黒い太陽 in ペルー

その5


【ついに『黒い太陽』と対面】

 月面のどこの谷であろうか。最後に残る光が徐々に小さくなり、そしてついになくなったその瞬間、小さくコロナが輝いた。怪鳥にとっては6年ぶりの、そしてリトルは初めて出逢う『黒い太陽』であった。

 どこからともなく歓声があがる。見えたぁ〜と言う感激が襲ってくる。しかし皆既継続時間は2分20秒ほど。すぐにカメラのファインダーを覗き、とりあえず何枚かシャッターを切る。下が砂地のせいか、単なる三脚の弱さか、シャッターの度にカメラが結構揺れる。とりあえず高感度のフィルムで良かった等と思いながら、1/4秒〜1/1000秒で、とびとびに切っていく。まぁこれだけスピードを替えておけば、1枚くらいは大丈夫であろう。ちょっと周りに目をやると、本当に地平線は赤く染まり、まさに一面が夕焼け空である。ちょっと観望もしたくなる。

 リトルの方は、先ほどから聞こえる誰かの説明声に一通り反応し、またその風景などをカメラに収めていた。「双眼鏡で見た?」「うん、見たよー!」「ちょっと貸して」

 ちょっと冷静になって双眼鏡で見るコロナは、あんまり広がってなかった。なるほど、肉眼でみてもコロナは大きく広がっておらず、薄雲の影響が多分に出てるようである。

 「不気味でしょー?」「うん、すごいねー」小笠原で初めて見たときも、コロナを従えた黒い太陽の姿は、不気味だと思った。普段の太陽は、まったりとした黄白色の輝きでしかないが、コロナを見ると、「あぁ太陽って生きてるんだなぁ」としみじみ思ってしまう。ちなみに“すごい”はリトルの一流の誉め言葉である。

【そしてダイヤモンドリング】

   

 段々と左上が明るくなり始め、皆既の終わりが近づいたことを知る。第三接触のダイヤモンドリングに備え、カメラのファインダーを覗く。左上には、プロミネンスが地を這うようにいくつも見え、とてもきれいである(この時、肉眼でも縁が赤く見えたそうである)。太陽をほぼ真ん中に入れると、その瞬間は肉眼で確認したいため、顔をあげる。左上はかなり明るい。もうすぐ、もうすぐだ・・・。「ピカッ」とわずかにきらめく。コロナがさっと姿を潜める。その間のほんのわずかな一瞬がダイヤモンドリングであった。「見たか?」「うん見た。きれいだったねー。ありがとう。」本当にエンゲージリングを買ってない怪鳥は、このダイヤモンドリングを見せることがリトルとの約束であった。(怪鳥注:その後ちゃんと真珠の指輪とイヤリングを買わされました(^^;)

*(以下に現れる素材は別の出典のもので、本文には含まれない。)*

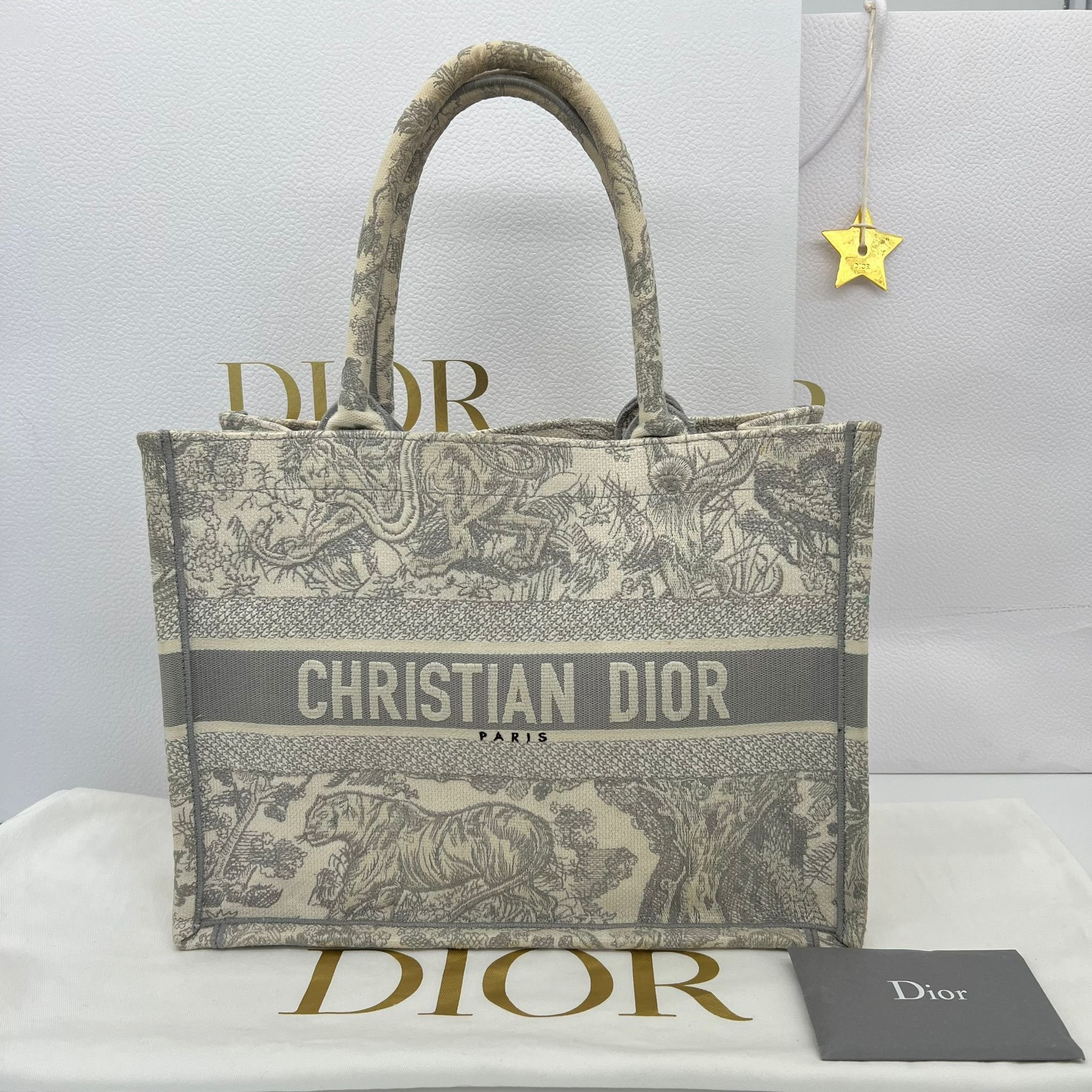 Dior Medium Book Tote Toile De Jouy Embroidery in Grey with packaging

 シャッターは、その瞬間に1回。あとは慌ててスピード替えて2〜3回。前回小笠原の時は、カメラのファインダー越しのダイヤモンドリングであったが、今回、写真は一発勝負にかけて、肉眼で見ることに主眼を置いた。やはり肉眼の方がきれいであり、その念願は叶った。

 もう空はすっかり明るくなり、その瞬間が去ったことがわかる。あちこちで拍手がわく。しばらくして、聞き慣れた大声が叫んだ。「申し訳ありませんが、帰りの時刻も迫ってます。バスに戻って下さ〜い!」声の主はあのツアコンのIさんであった。わぁIさん居残りじゃなかったんだぁ。見られたんだねーと思うと嬉しくなった。いくつかあったトラブルに対するツアコンとしての苦労が、この瞬間、全てむくわれたのだと思う。握手を求めると、Iさんは笑顔を満面に浮かべて両手を差し出してくれた。その笑顔は、コロナの形を忘れさせるくらい、印象的だった。